Within the same month, Michael attended a meeting of pilots who use the airstrip and BOD
members at Long’s hangar. Discussions included MWWA’s huge profitability after the
information shared by Michael and the concern that the Masons were using the airstrip for
commercial purposes and not what Michael had previously represented.
In February 2022, the BOD held an executive board meeting where it sought advice from
legal counsel regarding the Masons’ alleged violations arising from other member complaints. As
a result of the meeting, the BOD directed counsel to draft and send the Masons a cease and desist
letter.
On March 7, the BOD sent the Masons a formal cease and desist letter. The letter requested
the Masons to
cease and desist from using the [Blue Ribbon Farm] BRF airstrip for part of the MWWA operation, or for any other flight activities that generates revenue for you. . . . We understand that you made a verbal representation that you have moved the portion of your MWWA operation that requires the use of the BRF airstrip to the Sequim Valley Airport during the BRF Board of Directors meeting on February 23,
3 The April 2021 complaint by Chris Ogden alleged that Michael was flying over his home while landing four-to-five times a day or more.
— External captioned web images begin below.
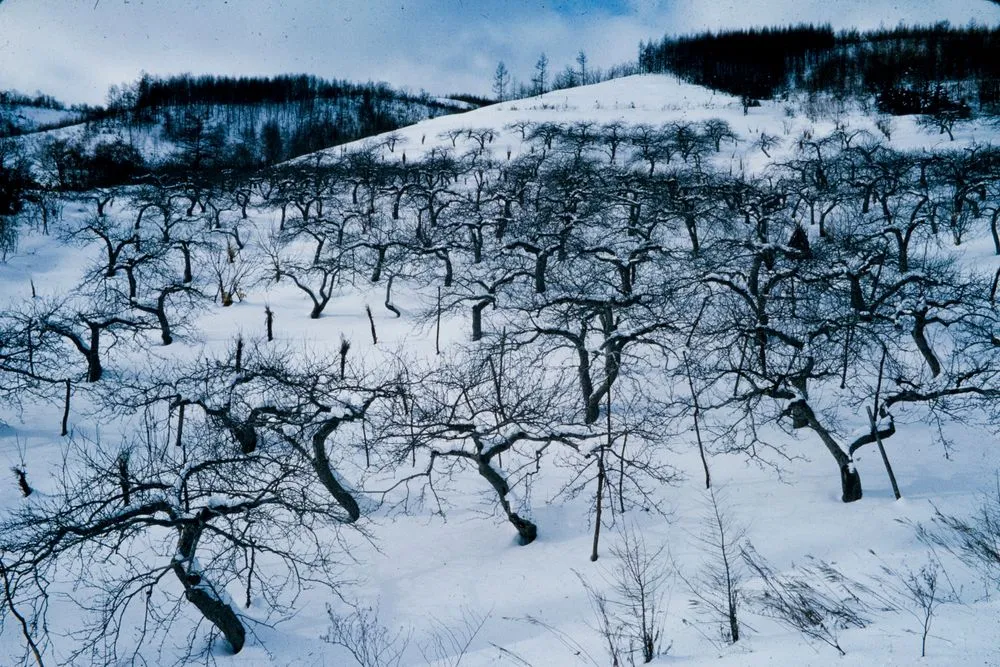Japan Series: Hokkaido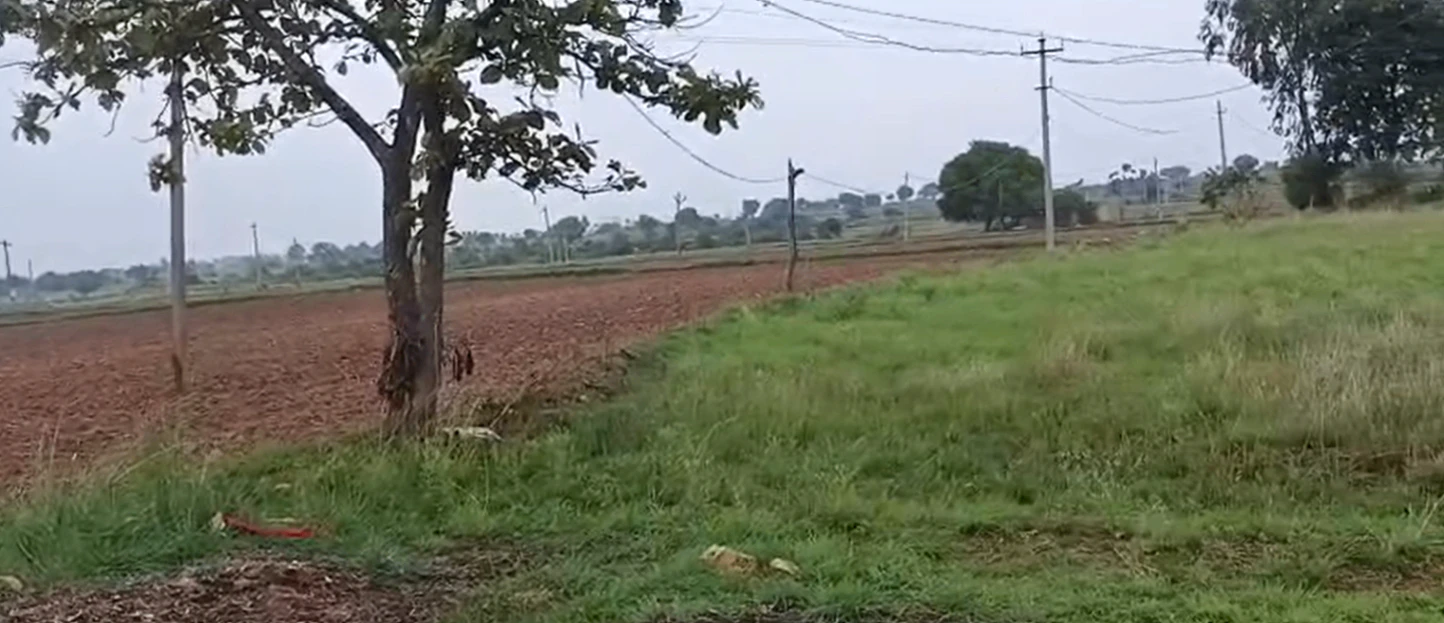 5FFM+9J Kancherla, Kamareddy, Telangana, India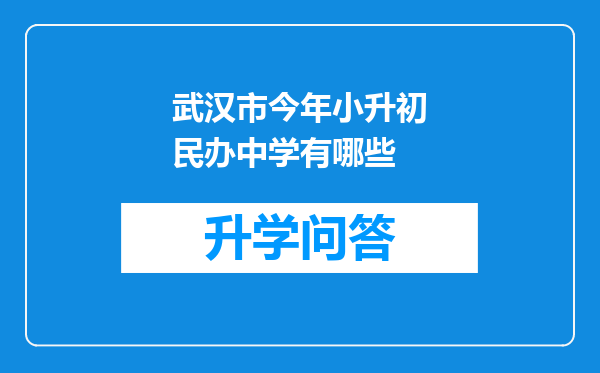 武汉市今年小升初民办中学有哪些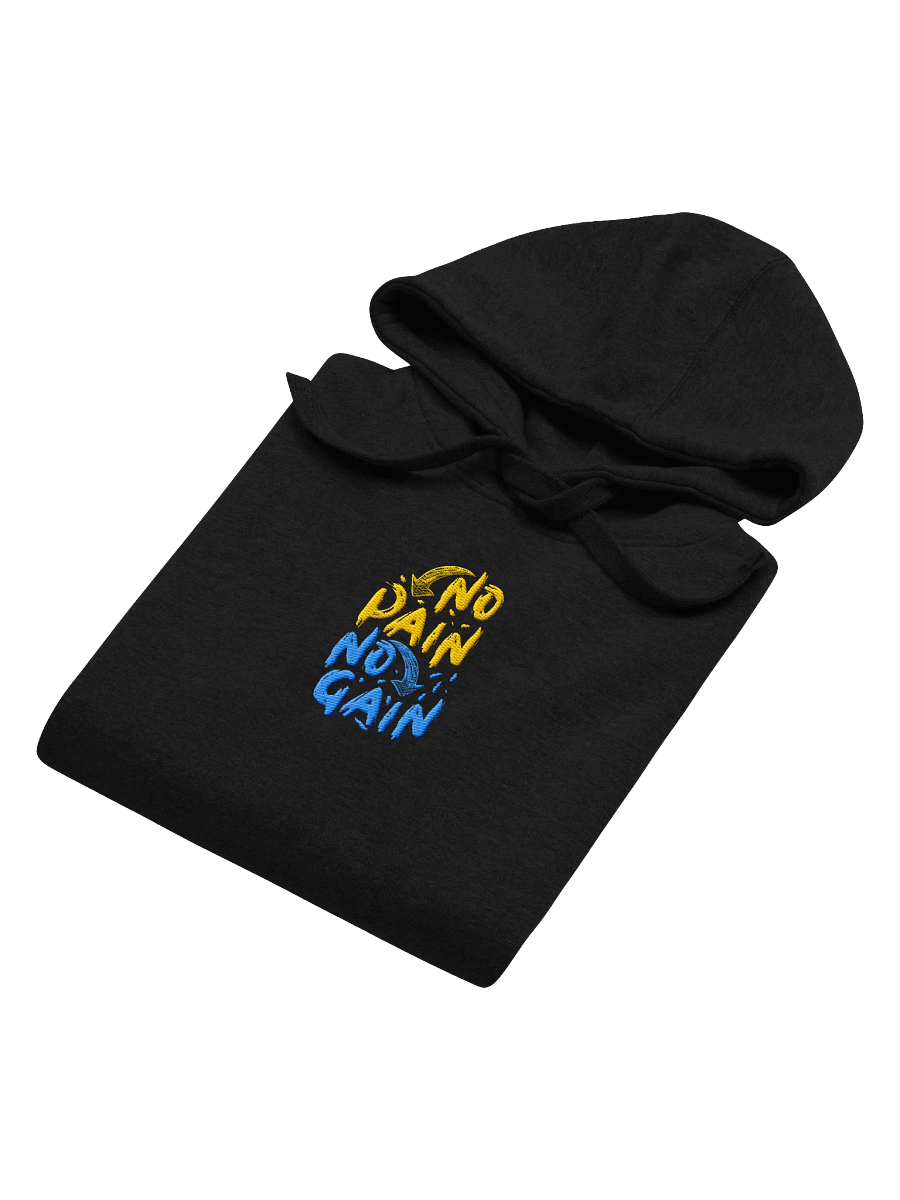No Pain No Gain! Center Embroidered Hoodie product image (4)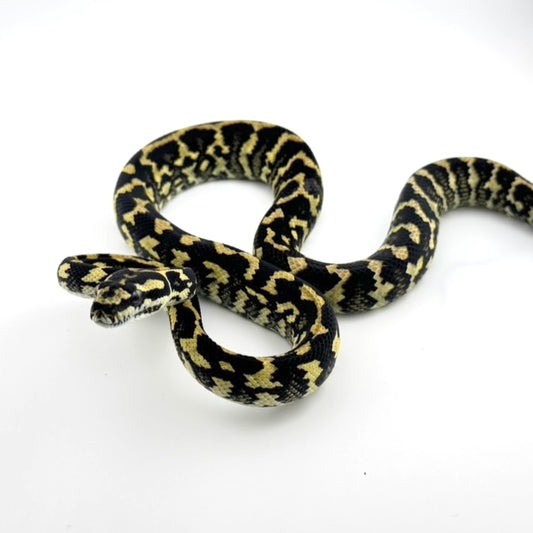 ジャングル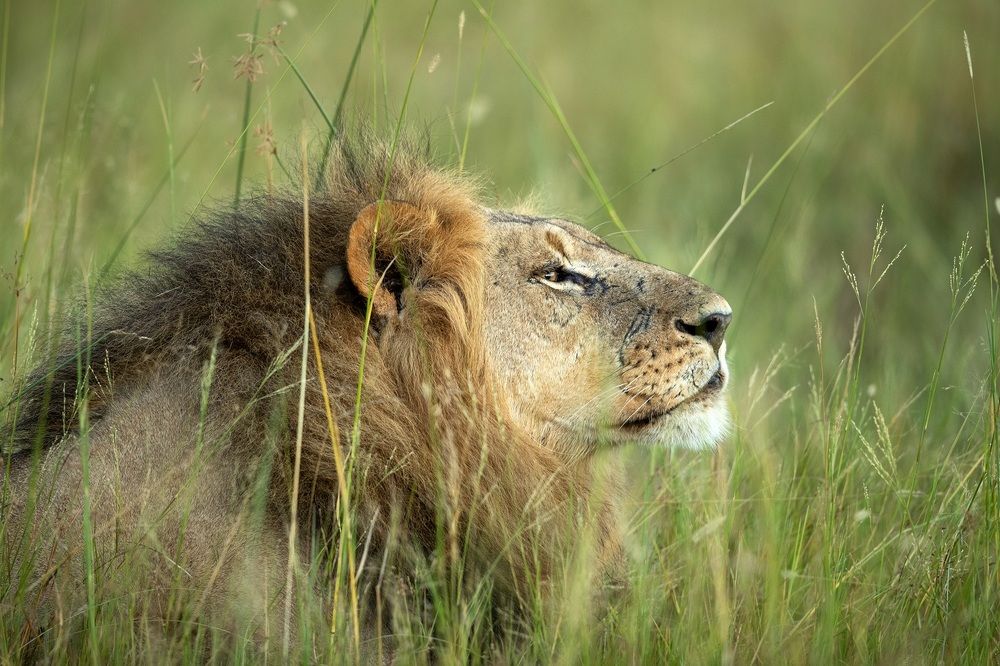 Photograph by Johan Willems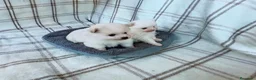 Pomerania perros en venta: POMERANIAS MACHITOS CHIQUITINES  - Anuncio 1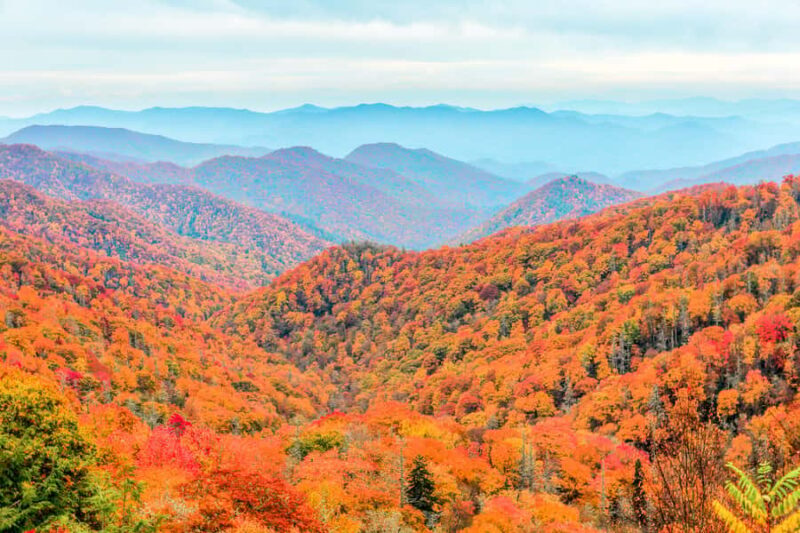 Pigeon Forge: Cade's Cove Culture and History Driving Tour - Key Points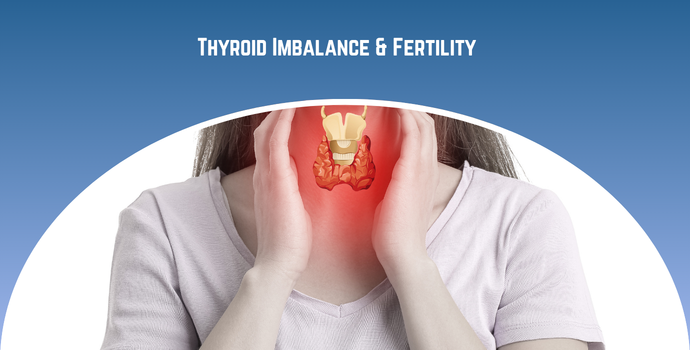 Thyroid Imbalance Fertility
It also alleged that Michael did not adhere to the flight pattern and instead cut downward and across properties at a low altitude which is “highly annoying” and interferes with Ogden’s use and enjoyment, and raises safety concerns. CP at 271. This was not the first time Ogden complained, with a previous e-mail dated in 2018. The 2018 complaint stated that the noise level MWWA produced was “very annoying,” as the constant droning as acrobatics are performed was “truly grating,” and “particularly egregious, and frankly, rather rude.” CP at 273. Ogden further stated that he believed Michael’s conduct violated the Declaration. Attached to the e-mail chain were pictures depicting a written petition, signed by over 38 other Association members, requesting a stop to the noise from MWWA.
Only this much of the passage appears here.